Lung pains can also feel like they’re coming from inside your chest instead of on top of it; this happens when blood flow becomes restricted because of an infection or other condition affecting one or more arteries supplying blood flow through your lungs’ arteries.

When to see a doctor?

If you are experiencing back pain for more than a few days, or if the pain is severe or getting worse, see your doctor.


If you have any of these symptoms: fever, chills, night sweats and weight loss – see your doctor right away as they may be signs of an infection in the lungs or heart. You should also call emergency services if you experience chest pain during exercise (even if it goes away).


If you have a history of cancer or heart disease – talk to your doctor about whether they think it’s best for you to see someone who specializes in treating lung diseases such as emphysema or chronic obstructive pulmonary disease (COPD).

Your doctor will ask about your medical history.

Your doctor will ask about your medical history, symptoms and lifestyle factors. They’ll want to know if any of your family members have had lung problems or back pain.


Your doctor will ask about the severity and duration of your symptoms, as well as their exact location in the body (e.g., left side or right side). They may also want to know if there are any other associated symptoms such as coughing or wheezing when breathing deeply.

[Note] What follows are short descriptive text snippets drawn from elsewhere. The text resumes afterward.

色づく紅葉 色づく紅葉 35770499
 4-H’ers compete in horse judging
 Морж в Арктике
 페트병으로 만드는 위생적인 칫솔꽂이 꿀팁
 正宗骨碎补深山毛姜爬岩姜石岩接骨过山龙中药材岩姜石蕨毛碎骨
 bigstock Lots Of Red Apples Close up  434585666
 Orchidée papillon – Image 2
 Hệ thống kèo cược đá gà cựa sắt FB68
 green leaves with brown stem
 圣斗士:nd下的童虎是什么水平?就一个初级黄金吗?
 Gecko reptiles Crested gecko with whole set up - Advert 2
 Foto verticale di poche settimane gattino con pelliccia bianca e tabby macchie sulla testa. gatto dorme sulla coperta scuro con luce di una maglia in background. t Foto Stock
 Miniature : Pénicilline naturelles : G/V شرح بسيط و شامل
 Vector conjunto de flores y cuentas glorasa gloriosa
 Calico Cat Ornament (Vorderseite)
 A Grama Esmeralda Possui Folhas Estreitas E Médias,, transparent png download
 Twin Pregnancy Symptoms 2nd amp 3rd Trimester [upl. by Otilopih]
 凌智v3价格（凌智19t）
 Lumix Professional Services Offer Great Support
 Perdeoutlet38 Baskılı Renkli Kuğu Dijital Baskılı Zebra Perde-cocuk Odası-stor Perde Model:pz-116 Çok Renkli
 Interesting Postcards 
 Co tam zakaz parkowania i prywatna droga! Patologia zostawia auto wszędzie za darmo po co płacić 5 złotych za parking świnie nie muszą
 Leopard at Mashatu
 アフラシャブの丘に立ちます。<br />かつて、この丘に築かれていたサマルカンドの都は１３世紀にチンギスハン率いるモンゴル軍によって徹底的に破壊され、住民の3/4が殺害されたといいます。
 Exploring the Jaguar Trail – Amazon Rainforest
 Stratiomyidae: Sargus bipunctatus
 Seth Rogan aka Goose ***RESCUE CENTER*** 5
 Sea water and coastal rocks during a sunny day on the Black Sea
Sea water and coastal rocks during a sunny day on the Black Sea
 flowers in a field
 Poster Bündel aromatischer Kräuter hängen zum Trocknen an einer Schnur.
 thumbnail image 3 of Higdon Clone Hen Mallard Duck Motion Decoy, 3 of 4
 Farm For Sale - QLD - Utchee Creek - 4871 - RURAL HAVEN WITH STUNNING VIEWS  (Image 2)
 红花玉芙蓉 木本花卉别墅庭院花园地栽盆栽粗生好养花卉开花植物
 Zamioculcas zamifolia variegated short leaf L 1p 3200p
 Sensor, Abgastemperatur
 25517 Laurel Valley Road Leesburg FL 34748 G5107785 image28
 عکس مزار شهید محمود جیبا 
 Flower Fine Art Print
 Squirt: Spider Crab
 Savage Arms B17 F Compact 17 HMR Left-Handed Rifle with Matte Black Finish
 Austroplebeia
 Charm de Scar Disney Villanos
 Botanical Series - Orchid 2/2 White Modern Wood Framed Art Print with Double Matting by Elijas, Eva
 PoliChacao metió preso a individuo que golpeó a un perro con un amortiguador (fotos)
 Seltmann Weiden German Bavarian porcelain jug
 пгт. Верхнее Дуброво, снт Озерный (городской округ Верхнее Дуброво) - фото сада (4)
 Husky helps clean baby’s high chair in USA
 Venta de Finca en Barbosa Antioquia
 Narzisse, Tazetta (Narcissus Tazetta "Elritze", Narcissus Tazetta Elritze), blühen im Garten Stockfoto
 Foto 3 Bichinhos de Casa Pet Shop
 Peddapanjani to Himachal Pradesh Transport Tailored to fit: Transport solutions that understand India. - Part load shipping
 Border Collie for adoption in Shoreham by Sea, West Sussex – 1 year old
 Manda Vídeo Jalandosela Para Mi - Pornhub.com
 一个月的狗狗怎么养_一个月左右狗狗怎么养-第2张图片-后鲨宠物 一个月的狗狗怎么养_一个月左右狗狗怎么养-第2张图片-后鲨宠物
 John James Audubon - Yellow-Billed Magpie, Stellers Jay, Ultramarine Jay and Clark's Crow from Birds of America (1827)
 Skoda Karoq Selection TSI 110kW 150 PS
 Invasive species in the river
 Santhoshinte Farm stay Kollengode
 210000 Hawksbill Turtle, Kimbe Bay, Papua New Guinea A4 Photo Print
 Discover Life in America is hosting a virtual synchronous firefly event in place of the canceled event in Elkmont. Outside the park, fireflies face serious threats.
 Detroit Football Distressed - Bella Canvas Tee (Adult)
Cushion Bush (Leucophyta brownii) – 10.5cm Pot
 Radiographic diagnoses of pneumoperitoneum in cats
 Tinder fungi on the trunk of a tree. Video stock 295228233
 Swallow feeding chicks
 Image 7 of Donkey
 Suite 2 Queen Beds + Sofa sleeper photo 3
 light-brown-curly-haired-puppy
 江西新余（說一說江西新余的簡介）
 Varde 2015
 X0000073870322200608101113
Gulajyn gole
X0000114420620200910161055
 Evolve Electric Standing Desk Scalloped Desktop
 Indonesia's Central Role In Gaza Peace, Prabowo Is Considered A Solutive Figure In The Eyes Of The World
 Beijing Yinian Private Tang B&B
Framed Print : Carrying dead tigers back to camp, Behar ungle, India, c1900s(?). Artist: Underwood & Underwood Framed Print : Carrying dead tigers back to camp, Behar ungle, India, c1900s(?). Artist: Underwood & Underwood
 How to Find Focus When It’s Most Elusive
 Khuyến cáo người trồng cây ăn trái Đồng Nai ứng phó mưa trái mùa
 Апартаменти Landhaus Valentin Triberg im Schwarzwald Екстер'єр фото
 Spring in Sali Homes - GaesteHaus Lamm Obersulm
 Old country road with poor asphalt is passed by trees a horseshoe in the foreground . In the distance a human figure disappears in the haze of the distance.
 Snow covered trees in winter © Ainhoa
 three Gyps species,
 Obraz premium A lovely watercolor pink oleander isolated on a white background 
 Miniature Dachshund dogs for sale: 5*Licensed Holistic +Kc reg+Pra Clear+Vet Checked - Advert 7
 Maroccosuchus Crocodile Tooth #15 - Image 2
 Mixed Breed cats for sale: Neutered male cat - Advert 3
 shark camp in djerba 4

Your doctor will ask about any medications that might be contributing to the problem — especially those that treat similar conditions as those being experienced by the patient in question–and whether they’ve been effective at alleviating these issues on previous occasions when they were taken before this one happened again recently too!

In conclusion.

Back pain is one of the most common reasons people seek medical attention, but if you have these additional symptoms—coughing, wheezing, shortness of breath—it could be something else entirely.

In fact, your back pain may be caused by lung pain. 


Lung pain can be caused by a variety of conditions, including pneumonia, bronchitis, asthma, lung cancer and other conditions. If you are experiencing these symptoms along with your back pain please see a doctor immediately.